Research Summary - 2

Effect of perioperative penicillin G procaine on bovine castration wound infection rate

Date/Time: 9/25/2020    09:45
Author: Kelly M Still Brooks
Clinic: CSU Clinical Sciences
City, State, ZIP: Fort Collins, CO  80523

KM Still Brooks, DVM MPH DACVPM DABVP-Food Animal 1 ; J Schleining, DVM MS DACVS-LA 2 ; TA Brick, DMV MS 3 ;
1Deparment of Clinical Sciences, Colorado State University, Fort Collins, CO 80523
2Large Animal Clinical Sciences, TAMU, College Station, TX 77843
3VDPAM, Iowa State University, Ames, IA 50011


Perioperative administration of B-lactam antimicrobials, including penicillin G procaine, is commonly performed at the time of bovine surgical castration despite an paucity of published evidence regarding rate of bovine castration wound infections and efficacy of single-dose perioperative antimicrobial therapy for bovine castration. The best data on frequency of bovine castration complications was generated from a survey of U.S. bovine veterinarians, which reported wound infection, swelling, gait stiffness, and hemorrhage as the most common complications. This same survey identified that a narrow majority of bovine veterinarians routinely utilized perioperative antibiotics, most commonly β-lactams class drugs, including penicillin G procaine. Increasing public demand for antimicrobial stewardship is elevating professional and consumer scrutiny around veterinary antimicrobial use in food animals. In the current climate that increasingly emphasizes judicious use of anti-microbial drugs, it is imperative to base decisions to incorporate antimicrobial prophylaxis into routine protocols on quality evidence. Currently, there is no published data to suggest that perioperative use of PPG reduces scrotal wound or generalized tetanus infection following routine surgical castration of calves. The objective of the study is to establish whether perioperative administration of penicillin G procaine at the time of surgical castration with the Henderson castrating tool decreases the risk of post-castration surgical wound infections.

Materials and Methods:

Ninety-four commercial beef bull calves and twenty-seven heifer cohorts were enrolled in a pilot trial designed to explore the effect of perioperative penicillin G procaine treatment on bovine castration wound healing. Enrolled calves were sourced from those participating in the Iowa Green Tag preconditioning program. Bull calves were randomly assigned to one of three treatment groups: untreated controls, penicillin G procaine at the label dose of 6,600 IG/kg [1 mL/cwt], and penicillin G procaine at the typical extralabel dose of 19,800 IU/kg [3 mL/cwt]. For all groups, a routine closed surgical castration was performed with the Henderson castrating tool. Site (farm or veterinary hospital), herd composite hygiene score and individual behavior score, body weight, rectal temperature, and scrotal circumference were recorded at the time of castration. Outcomes of interest were assessed at a follow-up visit two to five weeks post-castration and included individual rectal temperature, scrotal remnant circumference, and castration site wound score. Effect of treatment and covariates were assessed through mixed repeated measures linear regression and ordinal logistic regression models.
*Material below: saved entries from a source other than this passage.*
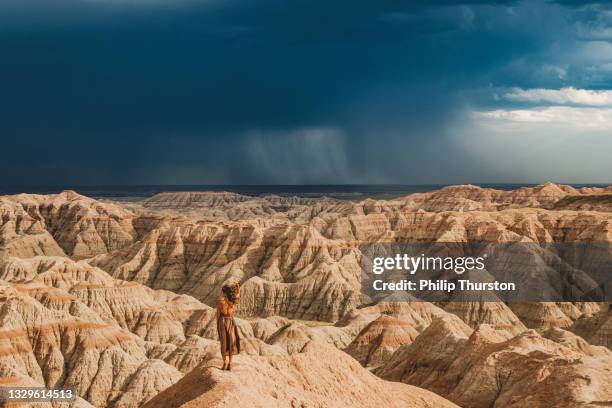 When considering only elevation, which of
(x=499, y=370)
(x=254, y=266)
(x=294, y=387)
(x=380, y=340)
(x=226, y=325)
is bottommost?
(x=254, y=266)

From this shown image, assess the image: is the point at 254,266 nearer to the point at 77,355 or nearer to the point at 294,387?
the point at 77,355

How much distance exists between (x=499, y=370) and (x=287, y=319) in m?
59.9

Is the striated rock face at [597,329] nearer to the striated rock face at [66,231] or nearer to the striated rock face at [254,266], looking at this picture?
the striated rock face at [254,266]

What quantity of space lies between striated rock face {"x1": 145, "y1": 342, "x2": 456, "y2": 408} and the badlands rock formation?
0.07 m

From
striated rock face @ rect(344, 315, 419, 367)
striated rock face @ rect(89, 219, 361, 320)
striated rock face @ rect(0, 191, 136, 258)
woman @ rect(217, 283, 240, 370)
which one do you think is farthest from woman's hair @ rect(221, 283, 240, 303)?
striated rock face @ rect(0, 191, 136, 258)

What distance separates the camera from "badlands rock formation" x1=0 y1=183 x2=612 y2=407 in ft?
92.2

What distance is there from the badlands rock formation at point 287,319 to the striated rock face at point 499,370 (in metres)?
0.12

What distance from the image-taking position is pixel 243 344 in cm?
6962

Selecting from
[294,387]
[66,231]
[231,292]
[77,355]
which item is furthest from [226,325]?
[66,231]

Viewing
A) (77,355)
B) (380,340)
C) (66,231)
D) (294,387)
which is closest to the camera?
(294,387)

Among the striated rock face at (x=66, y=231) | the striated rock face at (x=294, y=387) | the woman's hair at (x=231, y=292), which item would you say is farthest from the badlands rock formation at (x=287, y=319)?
the woman's hair at (x=231, y=292)

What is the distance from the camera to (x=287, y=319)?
101m

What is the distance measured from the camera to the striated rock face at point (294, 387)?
1972cm

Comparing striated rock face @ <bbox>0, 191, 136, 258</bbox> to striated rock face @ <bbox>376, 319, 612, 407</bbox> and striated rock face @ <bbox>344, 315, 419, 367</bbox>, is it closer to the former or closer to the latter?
striated rock face @ <bbox>344, 315, 419, 367</bbox> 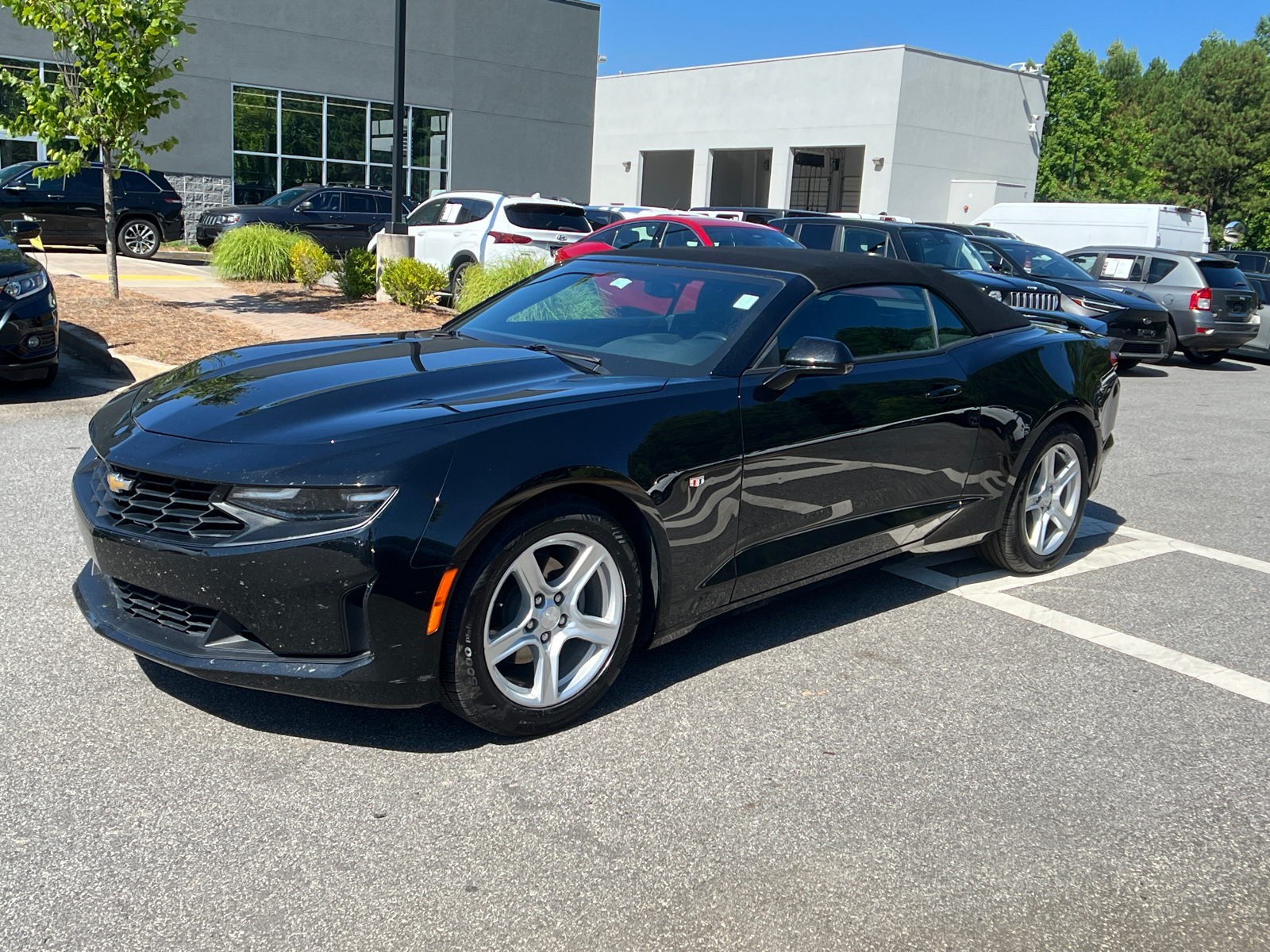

In this study, less than 50% of the calves presented at the follow-up with healed castration wounds; delayed healing (46%) and scrotal abscesses (30%) were the most common abnormal observations. Rectal temperature at castration was not significantly associated with outcome in this study. Preliminary multivariate analysis finds that penicillin G procaine perioperative treatment at either dose did not have a significant effect on wound score or scrotal tissue circumference and that herd of origin was the most influential factor on surgical outcome.


We conclude that wound healing complications following routine bovine surgical castration is common in commercial calves, that rectal temperature at the time of castration is poorly associated with scrotal tissue infection, that single-dose perioperative administration of penicillin G procaine at either 6,600 IG/kg [1 mL/cwt] or 19,800 IU/kg [3 mL/cwt] does not significantly reduce castration wound infections, and that uncharacterized exposures related to herd of origin are the most influential risk factors.